- SOURCE RECORDS:
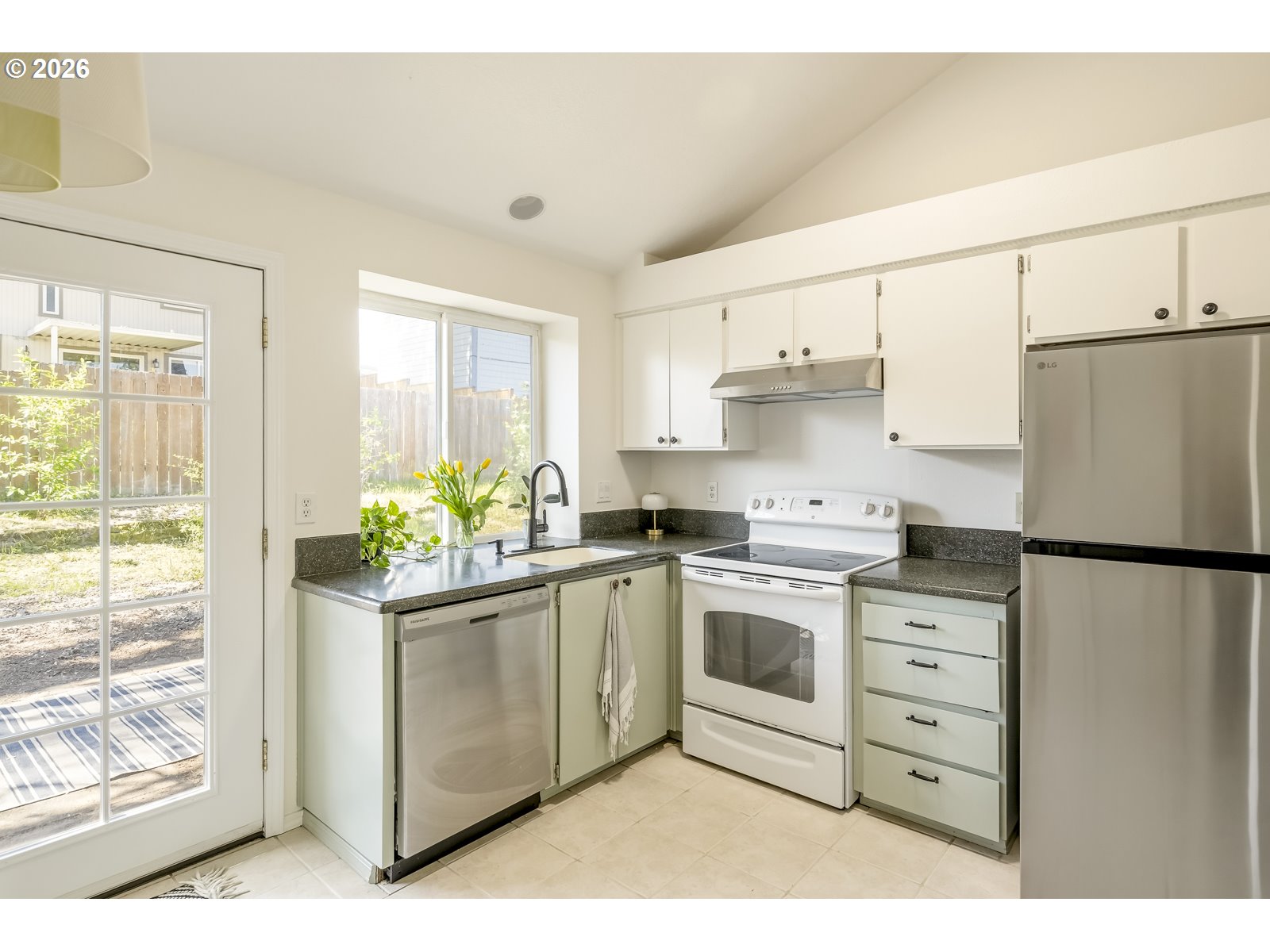 7227 Southwest Linette Way Beaverton, OR 97007 - Photo 14 of 40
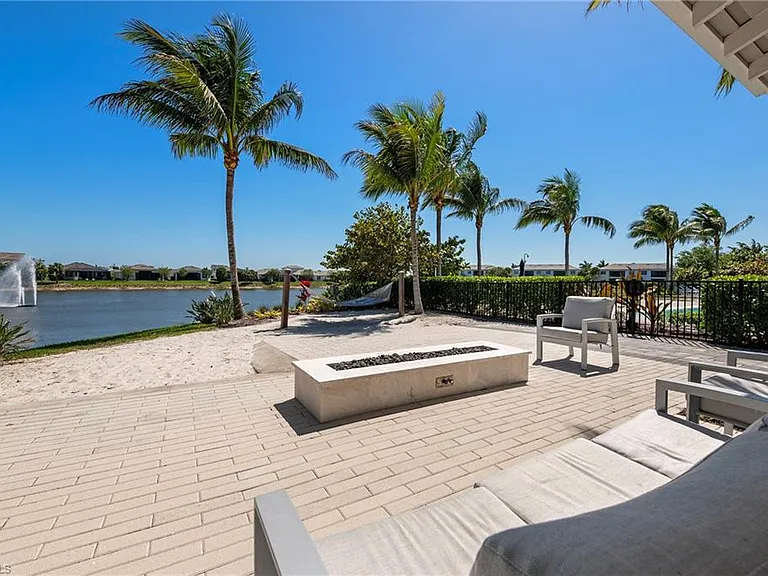 8897 Redonda Dr — Photo 33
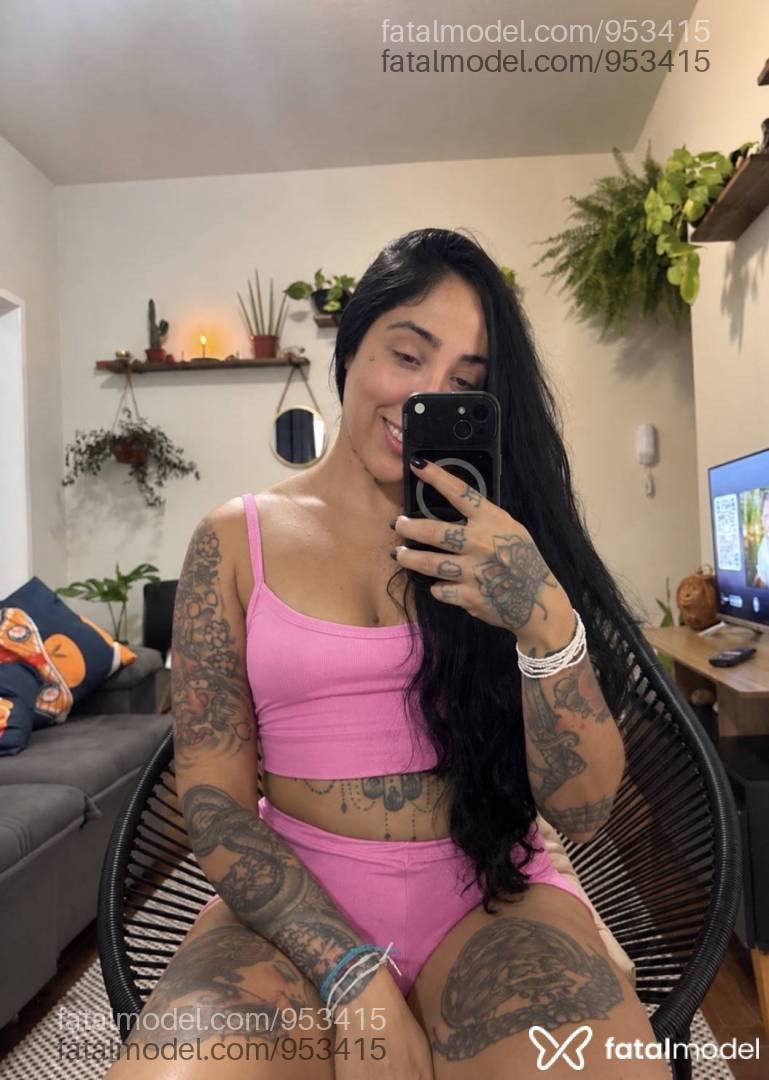 Acompanhante mulher morena (o) de olhos castanhos - Yasmim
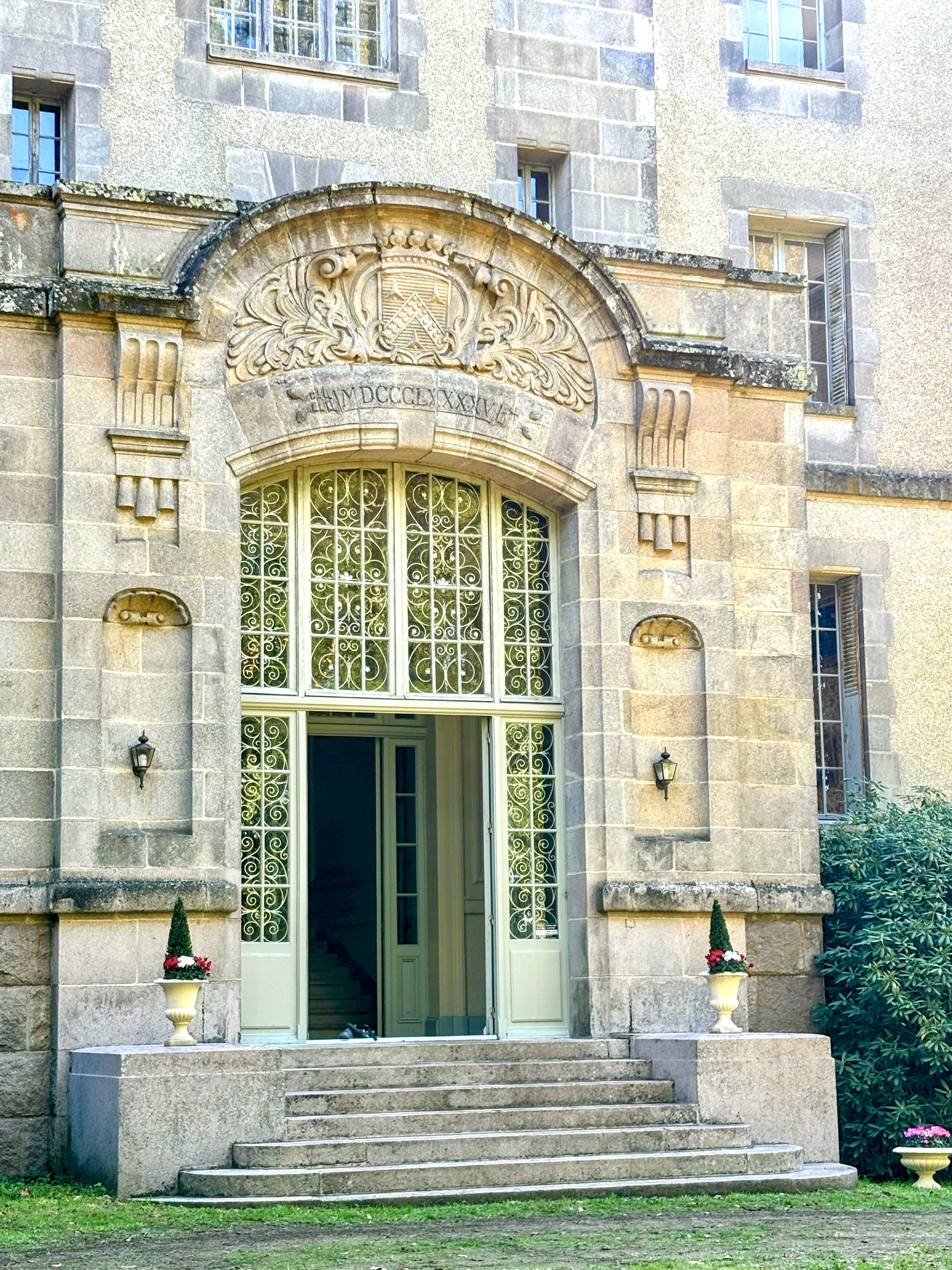 Propriété en France à vendre à Nexon, Haute-Vienne - €1 325 000 - photo 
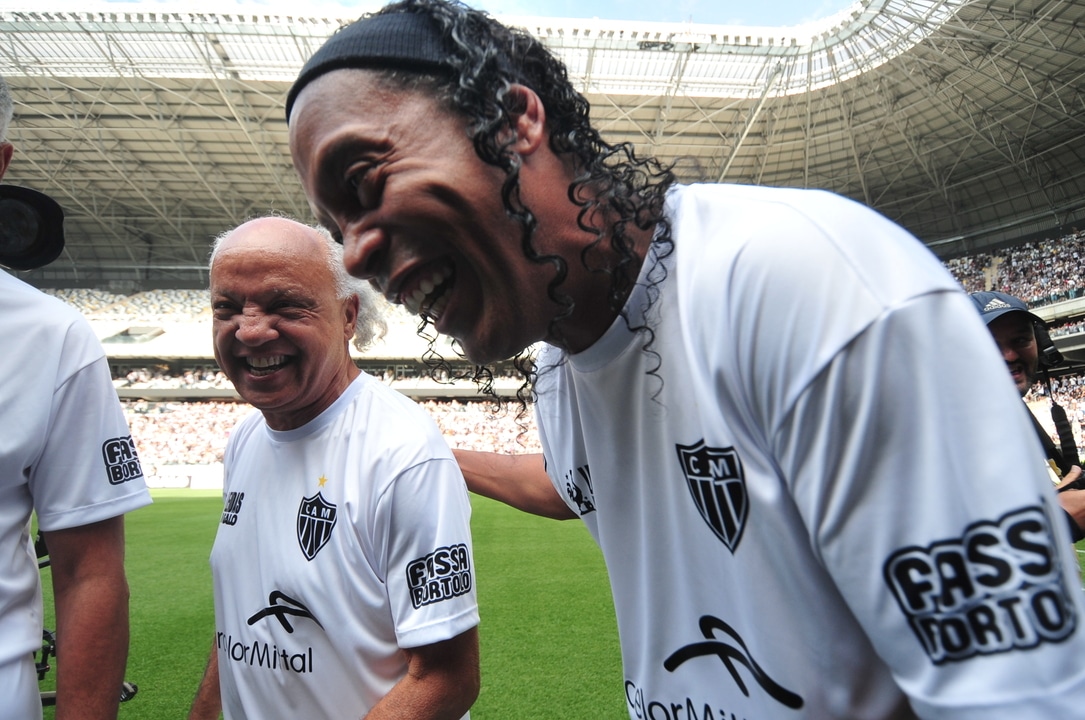 Ronaldinho e Reinaldo se encontram no Jogo das Lendas da inauguração da Arena MRV - (foto: Alexandre Guzanshe/EM/D.A Press)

- PROBLEM STATEMENT: Set down, word for word, only the lines running from the line with "Acompanhante mulher morena" through the final line of the entries above, omitting all pictures.

- WRITTEN ANSWER:
 Acompanhante mulher morena (o) de olhos castanhos - Yasmim
 Propriété en France à vendre à Nexon, Haute-Vienne - €1 325 000 - photo 
 Ronaldinho e Reinaldo se encontram no Jogo das Lendas da inauguração da Arena MRV - (foto: Alexandre Guzanshe/EM/D.A Press)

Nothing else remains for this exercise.